# Removing vinyl self-stick tiles.



## Jim F (Mar 4, 2010)

Currently in the process of removing old self-stick vinyl tiles from the kitchen floor. The heat gun works well for getting the tiles off. Is that also the way to go with the sticky adhesive left behind or is a chemical stripper a better choice. Not sure what is going on next. We may have the oak sanded and refinished or may cover it with another vinyl product. Wife is leaning toward vinyl sheet so she can clean and sanitize it well since it is in the kitchen.


----------



## Alcarte (Jan 29, 2011)

A mild adhesive remover works well for removing additional adhesive, about $6


----------



## tcleve4911 (Nov 6, 2010)

multi tool scraper blade


----------



## Jim F (Mar 4, 2010)

Figured I'd follow up on this. Paint thinner seems to be working fine. Heat ans scrape as much as I can with the heat gun then wipe down with paint thinner and wipe dry.


----------



## JazMan (Feb 17, 2007)

Jim,

STOP that, or we're gonna read about you in the news. 



> We may have the oak sanded and refinished


So, you're saying the tiles were glued directly over hardwood planks? If so, boy that was wrong. Normally you'd have some kind of 1/4" underlayment under vinyl when the subfloor is wooden. Can you verify that?

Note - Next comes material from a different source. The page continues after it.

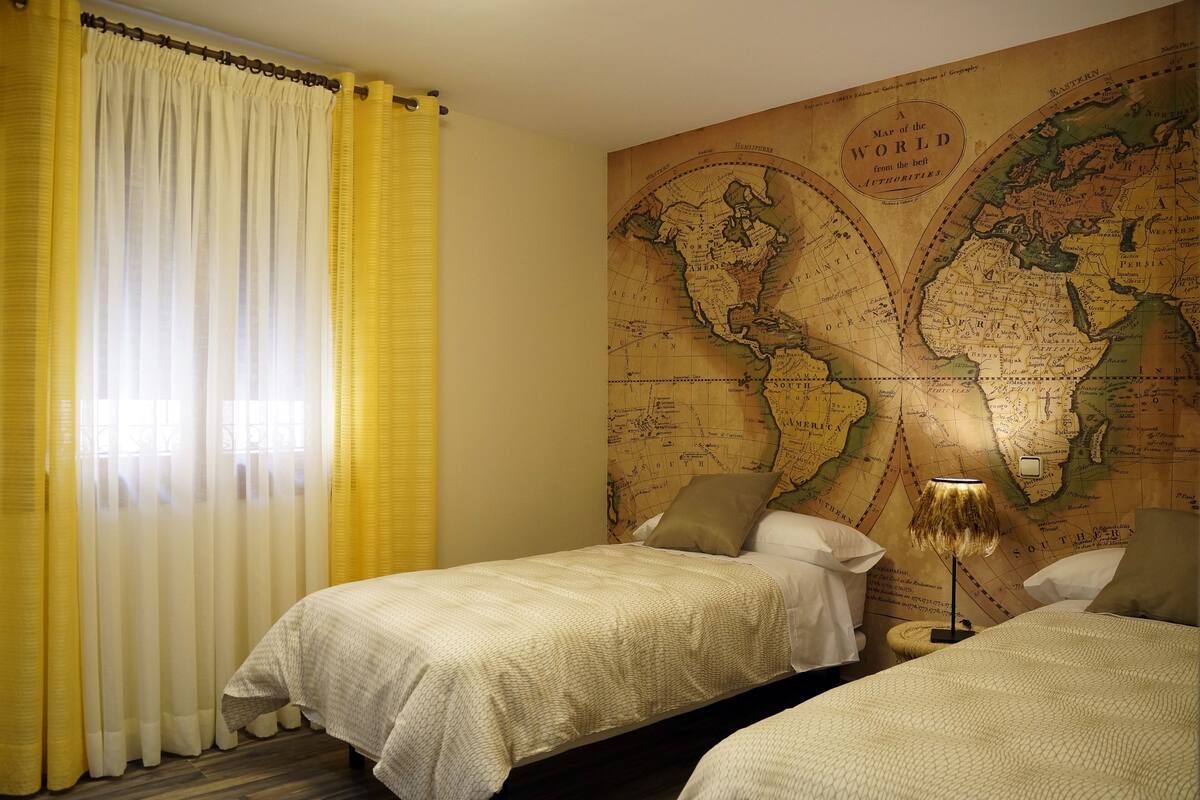 Apartment, 2 Schlafzimmer (NAIROBI) | 2 Schlafzimmer, Daunenbettdecken, individuell dekoriert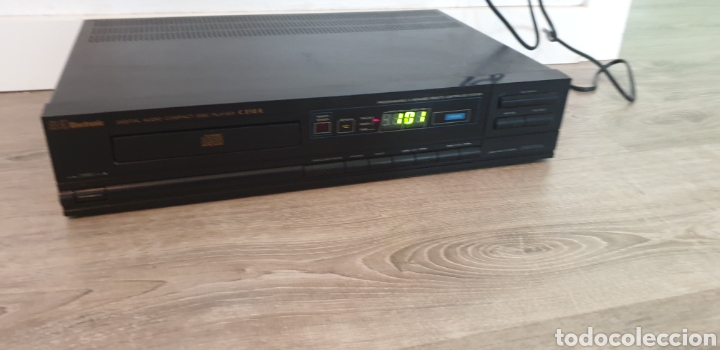 Segunda mano: Digital audio Compact disc payer c210R - Foto 3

> multi tool scraper blade


Nice thought, but self-stick adhesive film is just a very thin film. This will not work.

Jaz


----------



## oh'mike (Sep 18, 2009)

Jim--If you are going with sheet goods you will be putting down 1/4 inch underlayment--glue residue won't matter. 

Sanding the original--? be careful with the solvents---Jazz was not kidding about the fire hazard

Burns are no laughing matter---do be careful---Mike---


----------



## CplDevilDog (Mar 18, 2009)

Jim F said:


> Figured I'd follow up on this. Paint thinner seems to be working fine. Heat ans scrape as much as I can with the heat gun then wipe down with paint thinner and wipe dry.


Don't remember the name of the product we were using to remove sticky floor tiles, but the back of the can said "WARNING: This product may cause sudden respiratory failure and DEATH in concentrations as little as 3PPM" or something to that effect.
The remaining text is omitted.